But Draco was already off. Harry could do nothing but dash after him. His mind was still racing, wondering how he could have missed it. How they all could have. 

Too soon, they were there, and Draco was yelling for Celine, hollering his demands that she let them in. The portrait was decidedly not pleased. 

It was Cosima that eventually opened the door, thoroughly taken aback by the way Draco immediately shoved through her. Harry followed him, his hand reaching for Cosima to push her behind him instead of allowing her forward.

Celine was sitting on the L portion of the sofa, eyes big and confused as Draco stopped a handful of feet from her. 

There were several others in the room to start, but they had quickly taken in the scene and vacated, heading towards their respective dorms or past Harry to get out. 

He watched as Celine noted first Harry’s defensive position, then Draco’s eyes, and, slowly, her face seemed to shift. “Oh,” she said, and sighed. “Well, damn.” 

“Damn,” agreed Draco flatly. 

The blonde girl pursed her lips, her vibrant eyes locked on Draco’s. Her wand was in her hand, and it was confirmation enough. Harry knew it was not a useless piece of wood. It hadn’t been for a long time. 

“What the hell is going on?!” Cosima demanded in a sudden shout. 

And Harry used the distraction to lift his own wand.  _ “Legilimens!” _

Celine didn’t have time to Occlude against him, if she even knew how, and Harry fell straight into her mind. He stood in an unfamiliar dungeon, a stone staircase to the left of him leading upwards to places unseen. A small body hovered horizontally in the air before him; Harry recognised Cosima immediately despite her youth. Her thickly curled hair was the same as in the present, her face only slightly less defined. She appeared to be asleep, arms loose against her sides and features relaxed.    
As Harry watched, a severe looking woman with familiar, remarkable blue eyes strode from down a staircase in the wall and into the room, trailed by a small girl Harry knew was a young Celine.    
Her eyes showed no surprise at the sight of her friend, small face entirely impassive.    
“I do hope you’ve been paying attention,” said the elder woman, unforgiving.    
“Of course mother.”    
The girl’s voice sent a chill down Harry’s spine. It was empty of any feeling, blue eyes holding all the warmth of ice.    
“Then you should be looking at  _ me,”  _ her mother ordered, and Celine obediently dragged her gaze to her. 

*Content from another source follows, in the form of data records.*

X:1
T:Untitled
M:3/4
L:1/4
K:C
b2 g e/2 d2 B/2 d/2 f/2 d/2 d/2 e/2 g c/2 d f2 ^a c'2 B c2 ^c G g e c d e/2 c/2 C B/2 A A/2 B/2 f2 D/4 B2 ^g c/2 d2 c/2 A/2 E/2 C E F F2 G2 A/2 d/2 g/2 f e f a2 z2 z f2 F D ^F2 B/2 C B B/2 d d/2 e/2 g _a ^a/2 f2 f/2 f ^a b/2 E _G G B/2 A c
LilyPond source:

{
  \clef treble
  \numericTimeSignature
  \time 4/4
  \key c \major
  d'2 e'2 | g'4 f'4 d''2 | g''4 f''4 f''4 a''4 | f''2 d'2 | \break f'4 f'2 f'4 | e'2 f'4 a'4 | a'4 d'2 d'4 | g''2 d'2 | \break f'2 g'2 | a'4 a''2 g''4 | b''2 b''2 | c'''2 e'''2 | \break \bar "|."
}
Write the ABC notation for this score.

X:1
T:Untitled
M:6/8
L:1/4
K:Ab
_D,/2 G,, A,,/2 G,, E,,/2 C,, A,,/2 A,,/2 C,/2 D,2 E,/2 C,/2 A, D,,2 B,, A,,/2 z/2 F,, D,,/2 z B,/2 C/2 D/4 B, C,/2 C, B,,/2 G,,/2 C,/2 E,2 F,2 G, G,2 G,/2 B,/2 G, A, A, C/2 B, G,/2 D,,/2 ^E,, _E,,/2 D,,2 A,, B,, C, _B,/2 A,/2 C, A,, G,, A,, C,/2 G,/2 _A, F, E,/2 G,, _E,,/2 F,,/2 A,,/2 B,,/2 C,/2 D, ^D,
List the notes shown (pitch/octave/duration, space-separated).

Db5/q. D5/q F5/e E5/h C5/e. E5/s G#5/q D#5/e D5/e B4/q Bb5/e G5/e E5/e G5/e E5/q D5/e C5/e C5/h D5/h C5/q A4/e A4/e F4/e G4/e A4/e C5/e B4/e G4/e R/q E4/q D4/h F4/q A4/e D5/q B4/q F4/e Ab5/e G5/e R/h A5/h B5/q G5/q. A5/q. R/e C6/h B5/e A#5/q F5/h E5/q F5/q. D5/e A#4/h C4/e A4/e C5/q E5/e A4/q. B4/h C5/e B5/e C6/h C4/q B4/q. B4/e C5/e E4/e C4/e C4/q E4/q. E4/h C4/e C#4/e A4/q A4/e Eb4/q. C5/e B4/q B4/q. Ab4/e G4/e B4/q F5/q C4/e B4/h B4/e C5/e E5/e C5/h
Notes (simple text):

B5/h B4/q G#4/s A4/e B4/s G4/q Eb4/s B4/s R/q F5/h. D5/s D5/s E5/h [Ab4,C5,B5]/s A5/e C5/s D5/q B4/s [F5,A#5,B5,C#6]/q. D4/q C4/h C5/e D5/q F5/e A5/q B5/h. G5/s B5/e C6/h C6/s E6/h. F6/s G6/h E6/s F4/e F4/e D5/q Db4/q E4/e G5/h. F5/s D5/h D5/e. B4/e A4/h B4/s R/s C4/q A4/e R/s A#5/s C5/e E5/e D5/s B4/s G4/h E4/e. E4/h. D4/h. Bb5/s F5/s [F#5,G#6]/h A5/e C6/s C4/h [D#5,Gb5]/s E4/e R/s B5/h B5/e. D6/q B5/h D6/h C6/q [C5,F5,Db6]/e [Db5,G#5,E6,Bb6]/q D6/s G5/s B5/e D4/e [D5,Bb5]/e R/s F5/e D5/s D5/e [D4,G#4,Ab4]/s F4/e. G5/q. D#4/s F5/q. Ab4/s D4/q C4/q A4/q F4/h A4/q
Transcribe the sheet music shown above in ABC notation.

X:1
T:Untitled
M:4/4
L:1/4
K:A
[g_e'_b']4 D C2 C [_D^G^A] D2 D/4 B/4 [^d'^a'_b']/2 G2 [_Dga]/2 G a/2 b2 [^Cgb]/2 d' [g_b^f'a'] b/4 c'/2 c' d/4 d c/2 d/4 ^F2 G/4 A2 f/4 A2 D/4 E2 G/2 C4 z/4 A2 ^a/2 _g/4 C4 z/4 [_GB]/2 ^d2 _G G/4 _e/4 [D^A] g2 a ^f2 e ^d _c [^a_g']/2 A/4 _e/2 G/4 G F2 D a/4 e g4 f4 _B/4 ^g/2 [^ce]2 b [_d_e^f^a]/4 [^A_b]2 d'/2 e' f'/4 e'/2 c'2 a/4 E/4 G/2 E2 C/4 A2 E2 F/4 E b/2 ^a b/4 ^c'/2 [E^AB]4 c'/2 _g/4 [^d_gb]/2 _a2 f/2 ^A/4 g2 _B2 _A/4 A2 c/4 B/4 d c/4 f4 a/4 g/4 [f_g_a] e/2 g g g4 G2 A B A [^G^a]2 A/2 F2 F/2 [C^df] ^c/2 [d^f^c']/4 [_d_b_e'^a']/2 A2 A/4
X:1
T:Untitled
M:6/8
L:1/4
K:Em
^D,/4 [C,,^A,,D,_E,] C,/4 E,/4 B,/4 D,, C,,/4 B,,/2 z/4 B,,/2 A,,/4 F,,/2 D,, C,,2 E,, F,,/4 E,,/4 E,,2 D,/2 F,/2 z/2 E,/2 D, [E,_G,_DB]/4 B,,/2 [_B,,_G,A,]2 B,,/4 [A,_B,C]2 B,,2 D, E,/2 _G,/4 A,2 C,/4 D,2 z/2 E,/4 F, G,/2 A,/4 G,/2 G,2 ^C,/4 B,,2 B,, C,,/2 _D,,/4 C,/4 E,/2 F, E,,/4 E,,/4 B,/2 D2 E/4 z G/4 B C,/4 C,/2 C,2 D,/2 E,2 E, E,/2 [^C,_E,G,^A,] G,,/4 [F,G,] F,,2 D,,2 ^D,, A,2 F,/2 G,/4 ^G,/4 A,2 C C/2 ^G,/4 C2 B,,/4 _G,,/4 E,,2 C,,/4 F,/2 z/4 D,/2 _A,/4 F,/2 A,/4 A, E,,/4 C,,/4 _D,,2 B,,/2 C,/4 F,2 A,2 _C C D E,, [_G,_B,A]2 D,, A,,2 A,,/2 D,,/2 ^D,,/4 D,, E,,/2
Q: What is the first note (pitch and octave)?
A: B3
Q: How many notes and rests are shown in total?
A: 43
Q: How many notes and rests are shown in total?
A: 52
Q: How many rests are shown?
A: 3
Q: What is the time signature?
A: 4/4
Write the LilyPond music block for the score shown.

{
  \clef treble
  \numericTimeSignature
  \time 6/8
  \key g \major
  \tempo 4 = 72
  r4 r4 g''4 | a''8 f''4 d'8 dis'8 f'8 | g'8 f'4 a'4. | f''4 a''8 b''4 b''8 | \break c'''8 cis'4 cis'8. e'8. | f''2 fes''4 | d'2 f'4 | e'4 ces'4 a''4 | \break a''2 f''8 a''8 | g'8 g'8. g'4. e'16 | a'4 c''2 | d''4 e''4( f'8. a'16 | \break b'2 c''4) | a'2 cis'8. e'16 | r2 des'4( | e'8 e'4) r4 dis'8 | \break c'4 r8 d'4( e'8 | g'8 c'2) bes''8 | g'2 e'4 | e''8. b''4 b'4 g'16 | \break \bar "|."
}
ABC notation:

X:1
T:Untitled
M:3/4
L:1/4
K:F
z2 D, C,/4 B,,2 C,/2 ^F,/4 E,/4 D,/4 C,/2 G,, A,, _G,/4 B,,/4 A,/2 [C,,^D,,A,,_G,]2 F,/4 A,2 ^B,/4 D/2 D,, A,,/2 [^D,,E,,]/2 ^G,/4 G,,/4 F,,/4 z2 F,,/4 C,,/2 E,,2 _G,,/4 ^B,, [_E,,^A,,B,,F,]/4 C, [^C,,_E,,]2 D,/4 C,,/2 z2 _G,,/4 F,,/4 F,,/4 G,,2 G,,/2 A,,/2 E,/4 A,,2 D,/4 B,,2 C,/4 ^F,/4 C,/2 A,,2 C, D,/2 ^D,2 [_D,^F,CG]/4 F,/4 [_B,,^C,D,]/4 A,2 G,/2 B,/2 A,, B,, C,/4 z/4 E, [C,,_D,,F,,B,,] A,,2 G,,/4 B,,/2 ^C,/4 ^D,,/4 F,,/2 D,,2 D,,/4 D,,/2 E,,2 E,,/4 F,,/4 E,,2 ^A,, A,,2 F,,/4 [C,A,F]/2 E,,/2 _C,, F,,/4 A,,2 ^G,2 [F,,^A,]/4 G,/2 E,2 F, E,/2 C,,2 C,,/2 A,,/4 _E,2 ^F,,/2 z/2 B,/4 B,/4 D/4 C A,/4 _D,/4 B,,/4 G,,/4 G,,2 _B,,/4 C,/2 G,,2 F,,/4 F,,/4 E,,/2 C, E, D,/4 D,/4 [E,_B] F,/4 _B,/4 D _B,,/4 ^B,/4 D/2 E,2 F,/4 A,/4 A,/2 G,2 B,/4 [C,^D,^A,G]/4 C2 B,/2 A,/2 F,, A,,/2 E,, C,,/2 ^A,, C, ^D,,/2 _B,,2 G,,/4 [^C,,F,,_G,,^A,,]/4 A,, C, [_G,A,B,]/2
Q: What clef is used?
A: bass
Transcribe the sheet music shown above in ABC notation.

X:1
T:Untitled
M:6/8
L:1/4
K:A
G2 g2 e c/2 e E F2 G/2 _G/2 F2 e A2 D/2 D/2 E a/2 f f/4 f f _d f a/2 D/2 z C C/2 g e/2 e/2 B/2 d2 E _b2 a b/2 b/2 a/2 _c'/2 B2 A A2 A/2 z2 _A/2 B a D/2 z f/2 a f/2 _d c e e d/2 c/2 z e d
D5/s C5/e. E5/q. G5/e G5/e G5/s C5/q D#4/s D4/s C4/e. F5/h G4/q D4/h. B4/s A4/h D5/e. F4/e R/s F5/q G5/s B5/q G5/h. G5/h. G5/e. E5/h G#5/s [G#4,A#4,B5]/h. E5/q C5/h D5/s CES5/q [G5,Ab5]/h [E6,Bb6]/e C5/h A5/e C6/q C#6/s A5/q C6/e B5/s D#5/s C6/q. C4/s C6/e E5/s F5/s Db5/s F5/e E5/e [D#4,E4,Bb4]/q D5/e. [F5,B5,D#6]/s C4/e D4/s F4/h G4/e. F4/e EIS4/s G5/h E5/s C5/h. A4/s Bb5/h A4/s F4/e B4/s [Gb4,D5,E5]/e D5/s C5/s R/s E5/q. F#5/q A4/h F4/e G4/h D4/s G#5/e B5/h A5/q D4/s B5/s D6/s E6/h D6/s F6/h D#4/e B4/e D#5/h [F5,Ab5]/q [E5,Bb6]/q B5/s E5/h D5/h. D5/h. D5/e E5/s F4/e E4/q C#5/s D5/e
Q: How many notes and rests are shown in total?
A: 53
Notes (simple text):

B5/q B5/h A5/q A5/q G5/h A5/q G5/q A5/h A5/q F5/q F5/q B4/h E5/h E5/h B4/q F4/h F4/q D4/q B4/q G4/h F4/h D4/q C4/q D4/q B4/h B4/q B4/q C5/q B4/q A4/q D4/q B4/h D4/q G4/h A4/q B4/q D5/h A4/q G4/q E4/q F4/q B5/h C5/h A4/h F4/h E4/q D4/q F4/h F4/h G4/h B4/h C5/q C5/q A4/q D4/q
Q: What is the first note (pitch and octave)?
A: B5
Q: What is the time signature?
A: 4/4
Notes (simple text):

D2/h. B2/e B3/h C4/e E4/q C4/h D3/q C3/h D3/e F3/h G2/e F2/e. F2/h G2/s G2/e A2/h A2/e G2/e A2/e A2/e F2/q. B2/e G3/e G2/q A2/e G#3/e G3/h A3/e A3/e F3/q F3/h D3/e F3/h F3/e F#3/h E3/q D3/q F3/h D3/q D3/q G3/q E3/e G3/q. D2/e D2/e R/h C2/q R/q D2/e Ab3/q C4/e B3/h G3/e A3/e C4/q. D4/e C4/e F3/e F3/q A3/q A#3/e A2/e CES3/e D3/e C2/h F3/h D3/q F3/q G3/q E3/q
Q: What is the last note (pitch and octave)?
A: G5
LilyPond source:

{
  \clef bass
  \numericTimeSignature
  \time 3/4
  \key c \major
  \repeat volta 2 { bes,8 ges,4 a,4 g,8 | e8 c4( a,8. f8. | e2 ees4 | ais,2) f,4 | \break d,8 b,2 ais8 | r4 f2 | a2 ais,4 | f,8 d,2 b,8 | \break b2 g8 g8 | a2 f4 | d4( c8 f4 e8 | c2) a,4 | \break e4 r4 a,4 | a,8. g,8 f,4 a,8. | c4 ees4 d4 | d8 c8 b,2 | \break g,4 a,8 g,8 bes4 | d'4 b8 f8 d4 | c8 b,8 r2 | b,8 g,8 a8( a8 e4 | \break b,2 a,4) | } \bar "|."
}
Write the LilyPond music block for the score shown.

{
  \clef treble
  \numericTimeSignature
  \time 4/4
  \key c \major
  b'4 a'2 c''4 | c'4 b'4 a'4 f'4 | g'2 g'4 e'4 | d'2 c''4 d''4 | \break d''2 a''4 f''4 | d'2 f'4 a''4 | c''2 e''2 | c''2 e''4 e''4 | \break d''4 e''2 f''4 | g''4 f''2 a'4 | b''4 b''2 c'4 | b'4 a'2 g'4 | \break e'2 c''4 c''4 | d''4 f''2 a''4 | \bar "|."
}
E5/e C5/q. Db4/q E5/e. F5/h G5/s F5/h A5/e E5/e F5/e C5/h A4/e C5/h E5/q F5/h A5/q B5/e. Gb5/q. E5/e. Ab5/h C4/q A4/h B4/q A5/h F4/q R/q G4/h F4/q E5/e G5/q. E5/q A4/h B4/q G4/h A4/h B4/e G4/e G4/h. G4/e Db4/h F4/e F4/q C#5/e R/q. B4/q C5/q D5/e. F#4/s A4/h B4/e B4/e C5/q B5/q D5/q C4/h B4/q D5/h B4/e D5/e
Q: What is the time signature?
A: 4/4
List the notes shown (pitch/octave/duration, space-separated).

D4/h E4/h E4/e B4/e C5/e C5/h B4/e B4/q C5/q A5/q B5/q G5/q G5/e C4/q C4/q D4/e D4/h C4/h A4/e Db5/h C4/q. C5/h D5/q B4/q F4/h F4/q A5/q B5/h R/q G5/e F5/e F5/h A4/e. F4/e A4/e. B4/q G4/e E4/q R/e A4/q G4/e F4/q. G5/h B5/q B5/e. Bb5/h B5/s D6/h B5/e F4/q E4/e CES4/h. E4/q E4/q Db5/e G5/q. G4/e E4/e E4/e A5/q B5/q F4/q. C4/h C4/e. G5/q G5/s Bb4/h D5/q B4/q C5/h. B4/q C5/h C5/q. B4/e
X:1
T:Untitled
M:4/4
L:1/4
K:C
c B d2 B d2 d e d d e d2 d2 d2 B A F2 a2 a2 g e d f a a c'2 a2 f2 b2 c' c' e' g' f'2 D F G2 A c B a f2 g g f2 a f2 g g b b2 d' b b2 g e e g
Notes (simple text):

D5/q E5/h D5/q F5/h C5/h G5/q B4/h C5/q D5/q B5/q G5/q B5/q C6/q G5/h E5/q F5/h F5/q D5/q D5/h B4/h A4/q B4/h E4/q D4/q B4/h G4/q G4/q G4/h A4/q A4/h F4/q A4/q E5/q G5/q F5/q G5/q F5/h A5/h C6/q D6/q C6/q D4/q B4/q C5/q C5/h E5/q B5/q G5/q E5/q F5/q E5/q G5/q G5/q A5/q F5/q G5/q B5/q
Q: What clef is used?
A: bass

The congresswoman pointed her wand at Cosima’s inert form. There was no hesitation, no feeling at all in her voice when she said, “ _ Anima klevo!”  _

For a moment, nothing happened. And then Harry gasped, unable to look away as a glowing crimson light lit the surface of Cosima’s skin, brightly concentrating in her chest and traveling slowly up her throat. Her full lips parted, the minute, gleaming orb exiting through her mouth to rise in the air above her.    
“Open your mouth darling,” said Celine’s mother.    
Harry stared, stricken, as Celine obediently consumed that scarlet bright diamond that was Cosima’s magic. Vivianne Moore smiled a terrible smile.    
“Now,” she said calmly, “obliviate her.”    
The young Celine held her wand in trepidation. “But I can’t do magic, mom.”    
“You can do enough now,” the older woman snapped. “So do as you are told.”    
Celine lifted a small, pale arm.  _ “Obliviate.”  _   
For several seconds, the girl simply stared at her wand in awe, evidently having felt the magic work. Then she dropped it as though it burnt, screaming in terror as the flesh of her arm slowly shaded blue, overtaken by glinting, reptile-like scales.    
She collapsed to her knees, staring up at her mum with eyes that were the same glowing red as Cosima’s magic had been. It was a horrifying sight. 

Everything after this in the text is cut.